Sunday, 30 May 2010

Look To Yourself To Make The Change

The Break In - No Fate But What We Make [Burial Records 004]

I thought I'd do a post on one of my old bands, in particular the first band to put out something on vinyl, The Break In. I joined in 2003 after they had played about 5 shows with Hannah doing vocals, Myself and Scott White stepped in after she and Alan left the band. It took about 10 shows up and down the country after touring with November Coming Fire and The Last Chance for us to click with the crowd, the sow that happened at was Himsa/NCF/Love That Kills in Canterbury. We rolled on in our Spy Kids 3D specs and busted out (The Break) Intro for the first time, intending to write a full blown song out of it, but after the reaction we got to the 60 second outburst of mosh we decided to leave it as it was. The demo had been out for a couple of months and we had a few songs left to record from that particular session of songwriting, so we approached Troy and McKee of Londons Burial Records about doing a 5 track 7" incorporating the 3 demo tracks with a couple more tracks sandwiched between those songs before we dropped our MCD on Dead & Gone. They were into the idea so we got shit moving. We popped out 2 tracks with Ben Phillips over at City Of Dis and at the same time tweaked the demo with new bass and a few extra guitar bits, gang vocals were fleshed out with a new take and Burrows did another guest spot (Oooooh shit!).
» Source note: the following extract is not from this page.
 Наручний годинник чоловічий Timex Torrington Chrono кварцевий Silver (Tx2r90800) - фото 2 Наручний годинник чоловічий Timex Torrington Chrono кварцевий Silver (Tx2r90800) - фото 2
It was 2003 and excitement over a third Terminator movie was at boiling point, the title of this record was born out of the line from T2 "There is no fate but what we make for ourselves." Nate actually suggested the title, cheers for that one. Artwork wise we got Sketchy Adam (@xchandlerx79 on twitter) to do the fron/back and it came out just as we envisioned it, unfortunately the pressing was done on a glued card sleeve rather than a fold out insert jobby so the band name on the spine didn't quite work out, no big deal though. There was 100 copies done for pre-orders on white vinyl and 400 on black. Each was stamped with an x/rose on the A side and the Burial logo on the B side, black ink for the white, red for the black. One mistake which I accept responsability for is I should have gotten the large hole 7"s, but I didn't tell the Burial guys about it until it was too late.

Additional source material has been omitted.